Si deve solo ascoltare e magari mettere qualche soldo nel cappello alla fine della esibizione; altrimenti è sufficiente manifestare allegria e far scomparire dal viso certi pensieri consueti; e ti fa ridere a crepapelle, ti fa scoppiare:

– Don Gregorio amareggiato, allontanato, martoriato, santificato, pietrificato, infuriato, calmato, subissato, innalzato, abbassato, squartato: povero Abate! è rimasto solo senza i suoi monaci sparsi per l’Italia!

Montecassino bombardato, affumicato, incendiato, sgretolato, rasato, accumulato, abbandonato, polverizzato, frantumato, annientato, annullato, atterrato, cancellato, dissipato, devastato, disgregato: ahimé mio Montecassino!

– Cassino cannoneggiata, sfollata, incendiata, sforacchiata, smembrata, minata, mitragliata, arruvinata, scacazziata, infuriata, ammischiata, straripata, espugnata, intasata, divorata, eliminata, estirpata, frantumata, fracassata, dimenticata, guastata, inabissata, paralizzata, sterminata, spianata, sprofondata, stritolata, smantellata: Cassino, mi sei rimasta nel cuore!

– Le case scoperchiate, diroccate, ammucchiate, abbandonate, svaligiate, bruciate, cannoneggiate, scarrupate, sfondate, sfasciate, sforacchiate, scassate, scassinate, fracassate, lacerate, maciullate, scheggiate, schiantate, scompaginate, sconquassate, screpolate, sfracellate, strappate: non sappiamo dove dormire!

– Le piante arrossate, allungate, accorciate, appicciate, tagliate, scheggiate, triturate, sfogliate, segaturate, troncate, sramate, sradicate, strappate, estirpate, scartocciate: hanno distrutto la natura!

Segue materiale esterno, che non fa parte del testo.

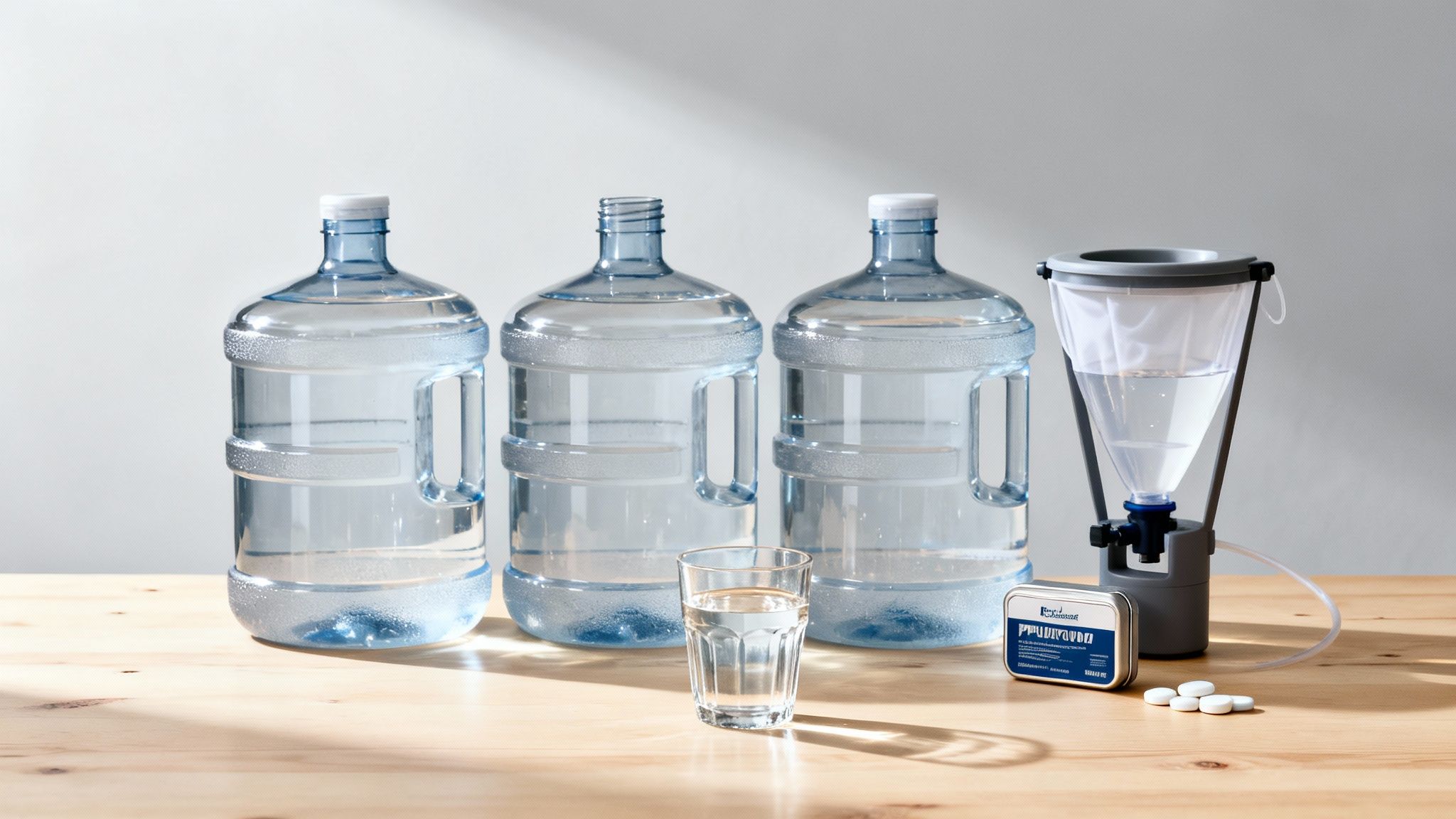 A table display of large water bottles, a water filter, and purification tablets for emergency preparedness.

Quindi sfila elegantemente dall’ascella sinistra un bastone, con tanti forellini incisi sulla corteccia, che nella sua fantasia di artista imita il flauto, lo avvicina alle labbra e, sul motivo del Carnevale di Venezia, intona il ritornello:

Ghièga, bisghièga,

gadaùppa e damièga

ed un ghidighidighì

gàda,

gadaùppa ed un pappà!

 

Poi riprende di nuovo:

Gli animali sparpagliati, rubati, strangolati, scannati, sgambettati, scuoiati, appestati, rubati, abbandonati, lasciati, agguantati, trafugati: a Cassino hanno sofferto anche gli animali!

– Gli uomini schiaffeggiati, angariati, pelati, scorticati, deportati, sventrati, truffati, privati, triturati, allontanati, spazzati, picchiati, bucati, seviziati, ammalati, ammanettati, malariati, sfumati, non curati, schiaffeggiati, piagati, fucilati, martoriati, trasportati, scabbiati, legati, pestati, appestati, ammacellati, scalcagnati, sfracellati, ritrovati, desiderati, risanati, affrancati, liberati, sbocconcellati, sbranati: non possiamo parlare per la fame!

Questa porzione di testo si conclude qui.